■ Exercise instructions: All lines below must be repeated exactly, with the pictures omitted.

■ Data under study:
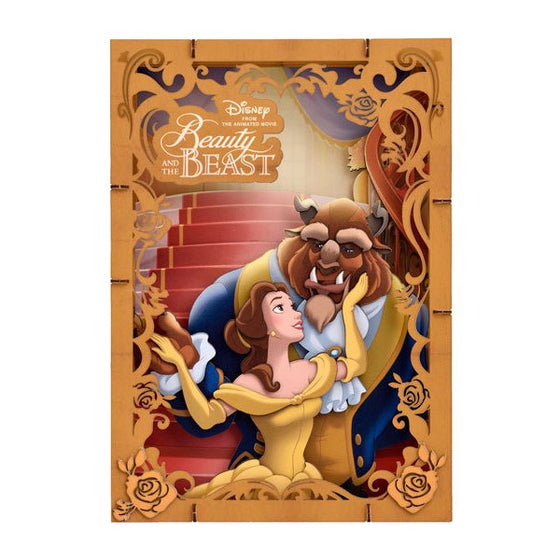 PT-WP05 Paper Theater - Disney Beauty and the Beast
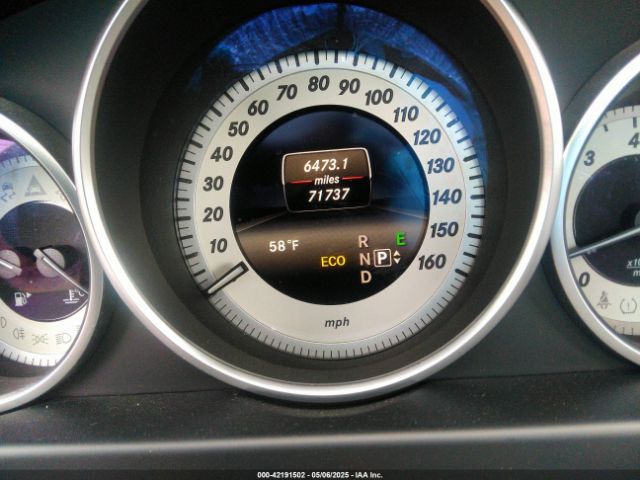 WDDHF8JB7EB047950 Mercedes-Benz E 350 4matic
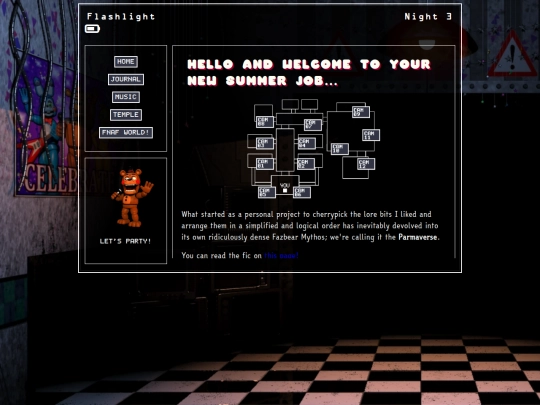 freddys screenshot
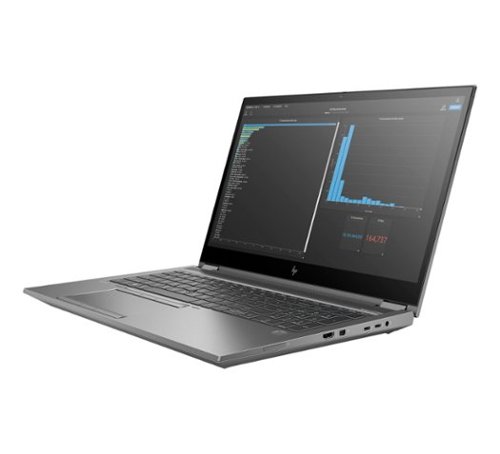 HP Refurbished Excellent ZBook Fury 15 G7 Core i7 10850H 2.7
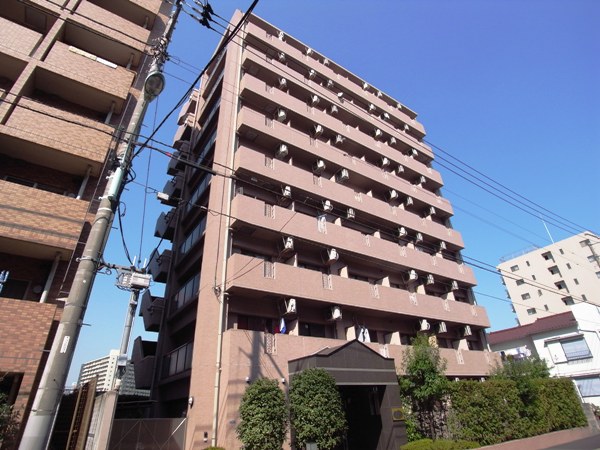 パレドール月島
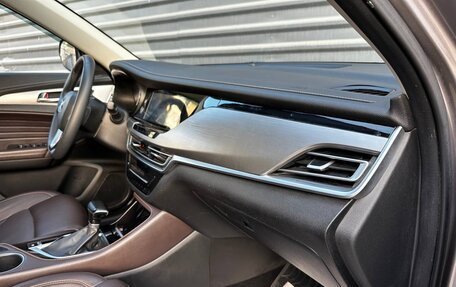 Changan CS35 Plus, 2021 год, 1 425 000 рублей, 36 фотография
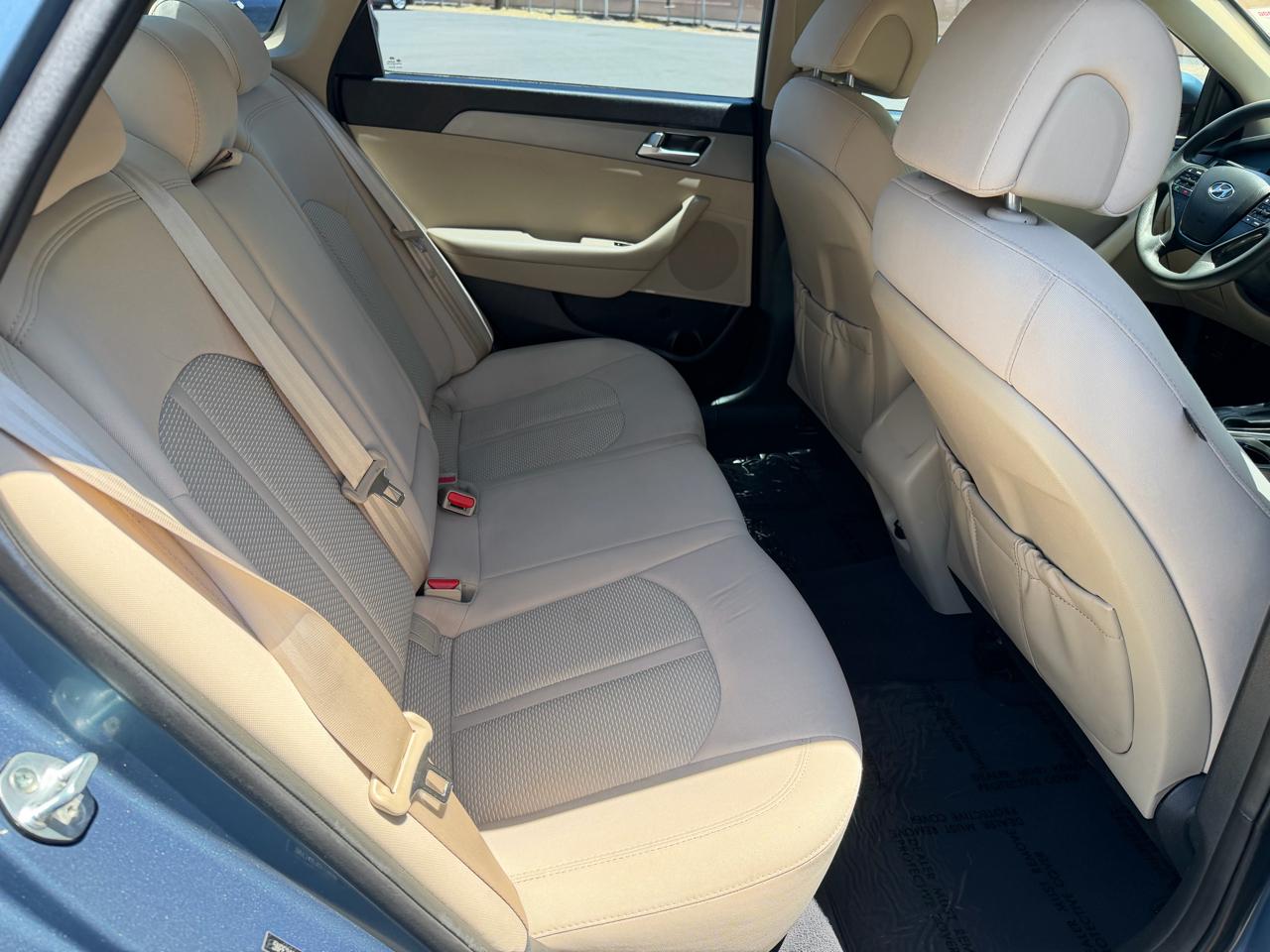 Hyundai Sonata SE 2016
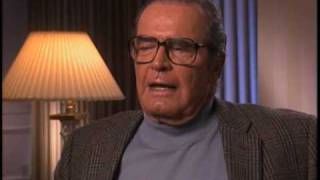 James Garner on how he became an actor  EMMYTVLEGENDSORG [upl. by Razaile805]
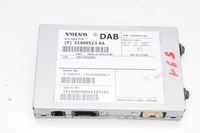 фото thumb №1, Volvo s60 ii v60 xc60 усилитель радио 31409513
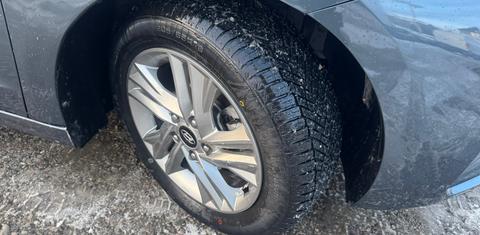 Hyundai Elantra 2019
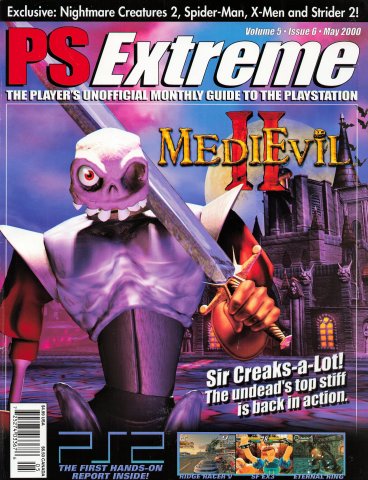 PSExtreme Issue 54 (May 2000)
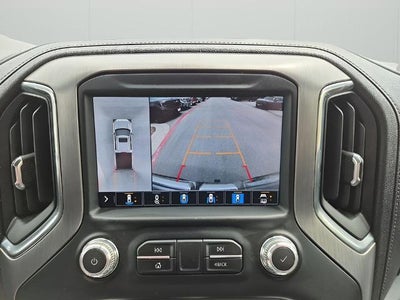 2021 GMC Sierra 1500 Crew Cab Short Box 4-Wheel Drive Denali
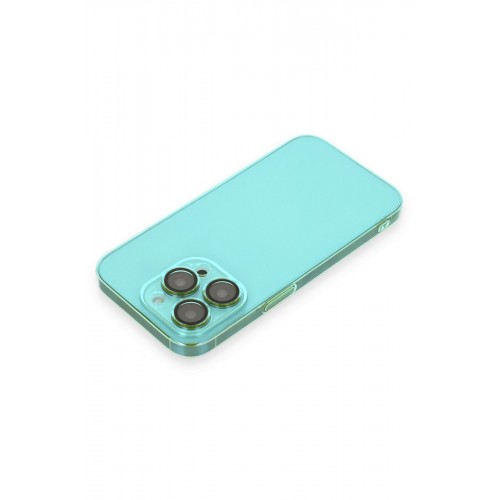 Newface iPhone 14 Pro Max Kılıf Armada Lensli Kapak - Yeşil Newface iPhone 14 Pro Max Kılıf Armada Lensli Kapak - Yeşil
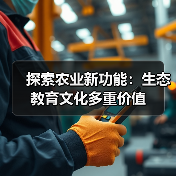 探索农业新功能:生态教育文化多重价值(图3) 探索农业新功能:生态教育文化多重价值(图3)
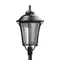 Минифото #1 товара Светильник OXOR-GRADUA-O-400x750-35W Day4000 (BK, 120 deg, 230V) IP65 (Arlight, -)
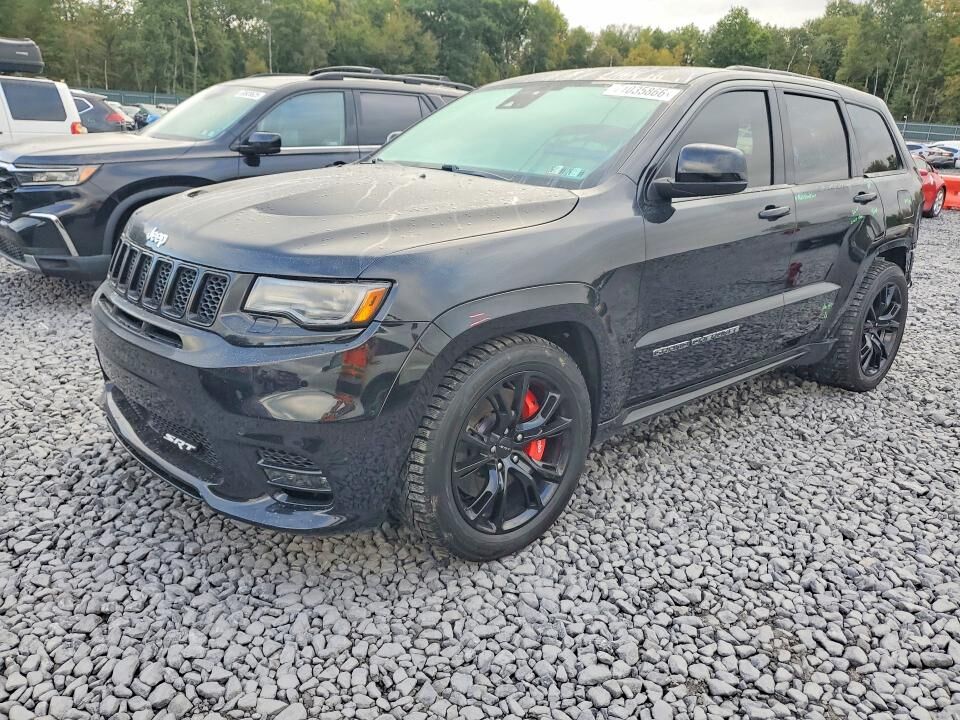 2017 JEEP Grand Cherokee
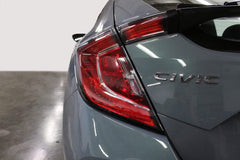 Honda Civic Hatchback / Type-R Tail Light Overlay V1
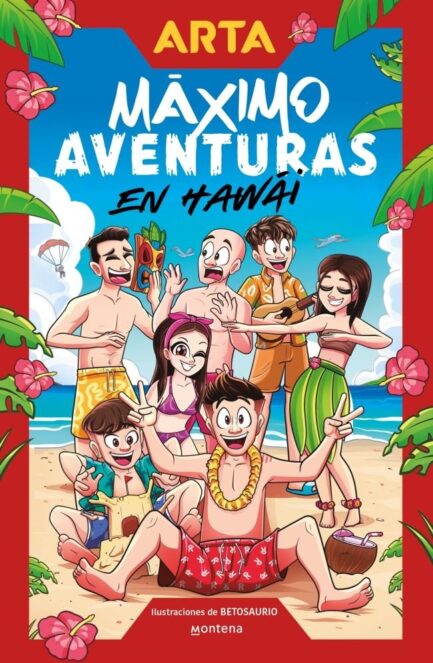 ARTA GAME MAXIMO. AVENTURAS EN HAWAII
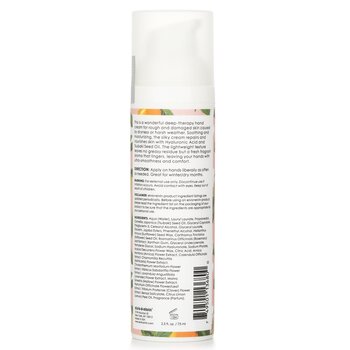 Elvis + Elvin - Hand Cream - Neroli & Mandarin Image 2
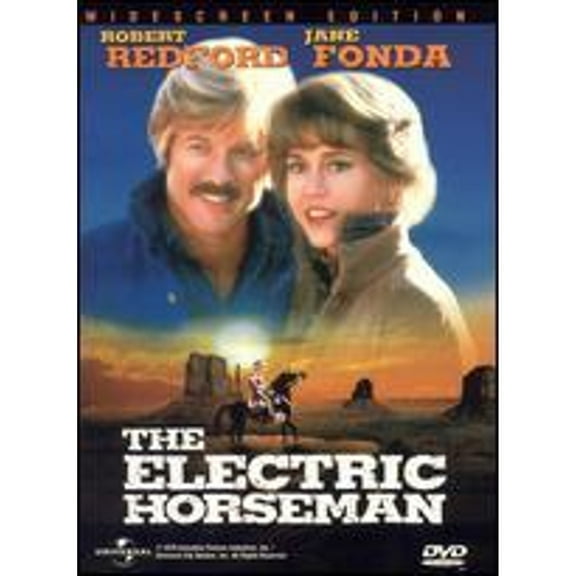 Pre-Owned The Electric Horseman (DVD 0014381427622) directed by Sydney Pollack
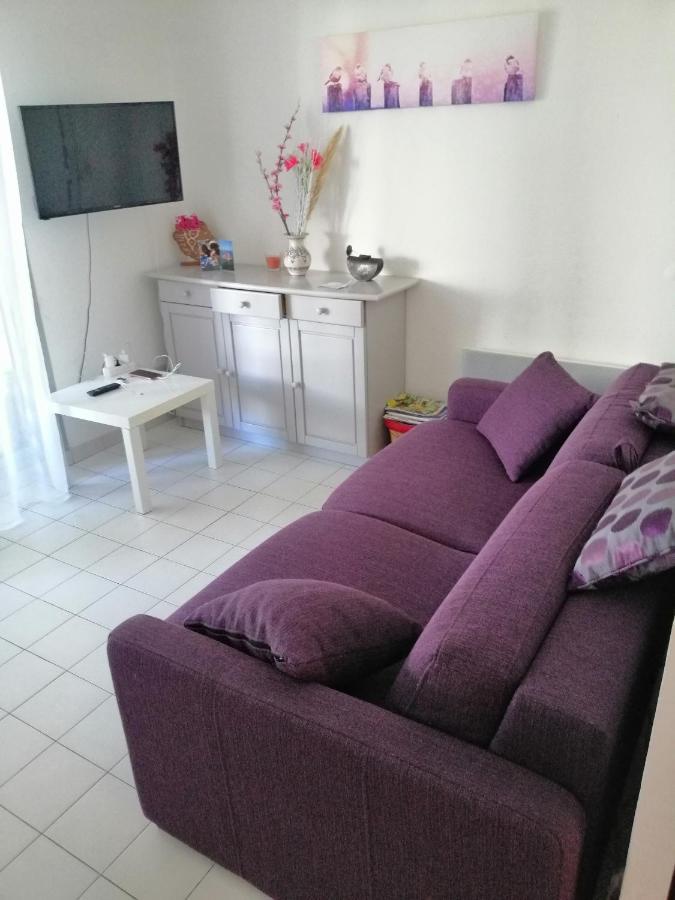 Richelieu Apartment Агде Екстериор снимка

■ Problem solution:
 PT-WP05 Paper Theater - Disney Beauty and the Beast
 WDDHF8JB7EB047950 Mercedes-Benz E 350 4matic
 freddys screenshot
 HP Refurbished Excellent ZBook Fury 15 G7 Core i7 10850H 2.7
 パレドール月島
 Changan CS35 Plus, 2021 год, 1 425 000 рублей, 36 фотография
 Hyundai Sonata SE 2016
 James Garner on how he became an actor  EMMYTVLEGENDSORG [upl. by Razaile805]
 фото thumb №1, Volvo s60 ii v60 xc60 усилитель радио 31409513
 Hyundai Elantra 2019
 PSExtreme Issue 54 (May 2000)
 2021 GMC Sierra 1500 Crew Cab Short Box 4-Wheel Drive Denali
 Newface iPhone 14 Pro Max Kılıf Armada Lensli Kapak - Yeşil Newface iPhone 14 Pro Max Kılıf Armada Lensli Kapak - Yeşil
 探索农业新功能:生态教育文化多重价值(图3) 探索农业新功能:生态教育文化多重价值(图3)
 Минифото #1 товара Светильник OXOR-GRADUA-O-400x750-35W Day4000 (BK, 120 deg, 230V) IP65 (Arlight, -)
 2017 JEEP Grand Cherokee
 Honda Civic Hatchback / Type-R Tail Light Overlay V1
 ARTA GAME MAXIMO. AVENTURAS EN HAWAII
 Elvis + Elvin - Hand Cream - Neroli & Mandarin Image 2
 Pre-Owned The Electric Horseman (DVD 0014381427622) directed by Sydney Pollack
 Richelieu Apartment Агде Екстериор снимка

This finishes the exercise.